Following the outstanding success of The Hornet’s Nest, Christmas in Plains, and his classic, An Hour Before Daylight, Jimmy Carter writes about the things that matter most, the simple relaxed days and nights that he has enjoyed with family and friends through the years and across generations.
The book is of lively and witty accounts of exploring the outdoors with his father and with black playmates; making furniture; painting; pursuing new adventures and going places with children, grandchildren, and friends. He describes how he learned to share life with his wife, Rosalynn—and how they both learned how to grant each other personal space—and to compete with her on the tennis court, high mountains, trout streams, and ski slopes.

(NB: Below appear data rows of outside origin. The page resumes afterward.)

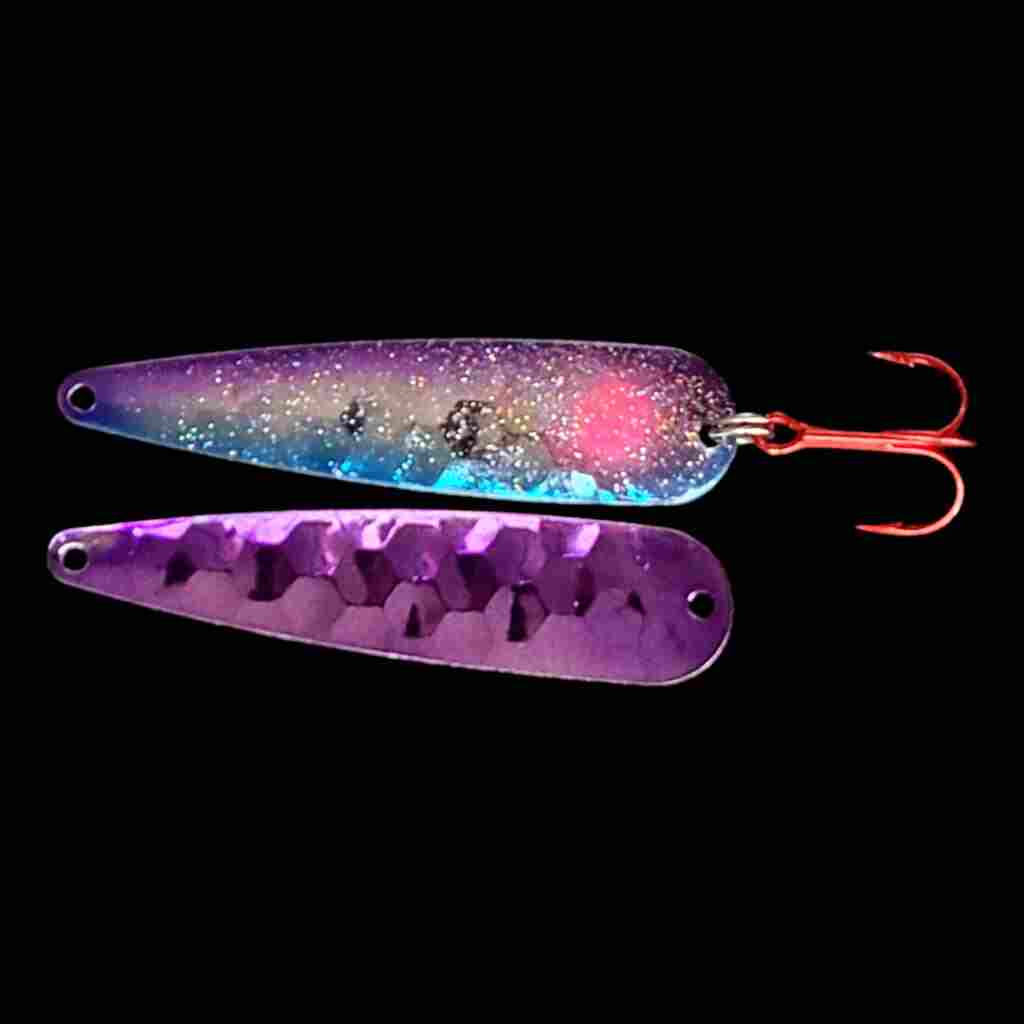 Bago Special trolling flutter spoon with Purple Back.
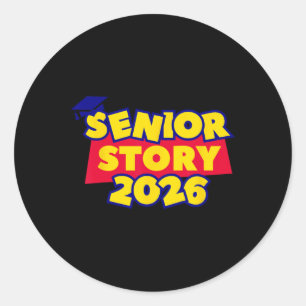 Groovy Senior 2026 Story Cl Of 2026 Graduation Sen Classic Round Sticker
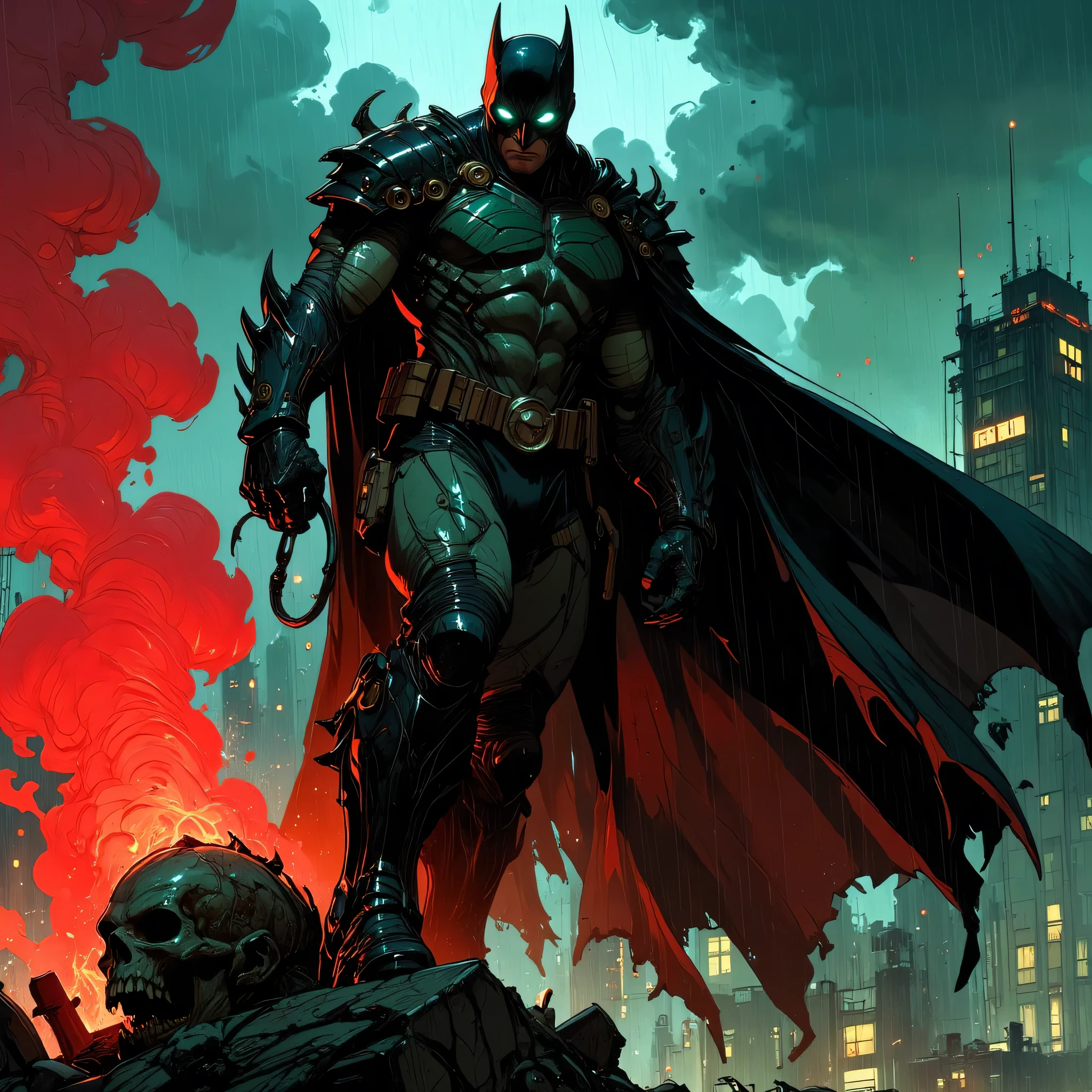 A highly detailed, dramatic digital illustration in dark comic book style, featuring a powerful, masked vigilante hero standing on a rooftop at night, bathed in rain and smoke. The hero wears an advanced, armored tactical suit with defined musculature, carbon-fiber textures, and reinforced gauntlets with sharp blades. A long, torn cape flows behind him like bat wings, spread open in a dynamic pose. His eyes glow faint white under a sculpted cowl, and he grips a grappling hook in one hand, ready to strike. Beneath his boot is a monstrous defeated creature, skull-like face snarling in pain, engulfed in glowing red smoke. The background reveals a dystopian city skyline, tall buildings in ruins, neon lights barely piercing the storm. Harsh red and teal lighting contrast dramatically, casting deep shadows and highlights across the hero’s armor and the scene. Stylized atmospheric rain and clouds swirl around the scene. The artwork should be composed with a vertical cinematic perspective, comic book lineart with painterly digital rendering, using chiaroscuro lighting, volumetric smoke, rain particles, and dynamic energy. Intense mood, heroic composition, epic and gritty. Concept art quality, inspired by DC Comics, Jim Lee, and Greg Capullo art styles.

--v 5 --style comic --ar 2:3 --quality ultra --lighting dramatic --details extreme --mood dark --color-grade teal and red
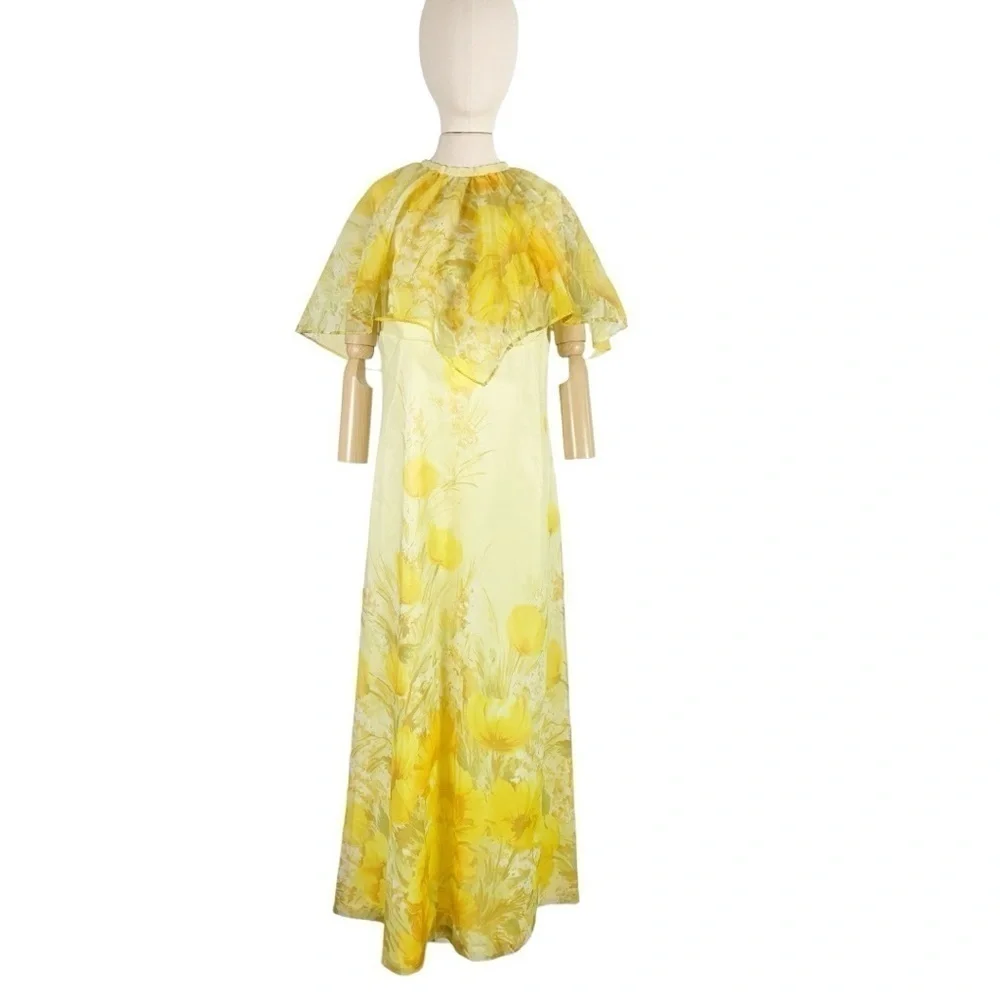 Vintage 60s 70s Gunne Sax Style Maxi Dress Size Large - Picture 2 of 11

Read an excerpt, below. Click here for the Amazon link:
In the past, I have written about history, political science, religion, the technique of negotiation, outdoor experiences, a novel about the Revolutionary War, a book of poetry, and a presidential memoir—all fairly serious subjects. This book is about the more challenging, relaxing, and enjoyable experiences that I have known—both at work and at play. I have described personal hobbies, excursions to exotic places, political campaigns, volunteer work, fishing, skiing, climbing mountains, baseball, family vacations, and simply relaxed days and nights with little to do except exchange memories and ideas with family and friends across the years and across generations.
Few of these adventures have been especially newsworthy, and I still enjoy some of them in solitude, but the main lesson I have struggled to learn is that the experiences are more deep and lasting sources of pleasure when they are shared with others.
It has not been easy for me to accept this fact. Perhaps like most other people, I have had to overcome a self-centered inclination to live on my own terms, sometimes obsessed with intense ambition, bringing others into the private recesses of my life only reluctantly. I’ve come to realize that even my loved ones and I could enjoy the same event without really sharing the essence of it, and that it takes a lot of effort to sense and accommodate the desires of others in a generous way. This lifetime of learning has paid rich dividends, for me and for those with whom I have learned to really share.
I hope that these personal experiences will prove to be a practical and inspirational guide to anyone desiring to stretch mind and heart, to combine work and pleasure, and to reach out to others.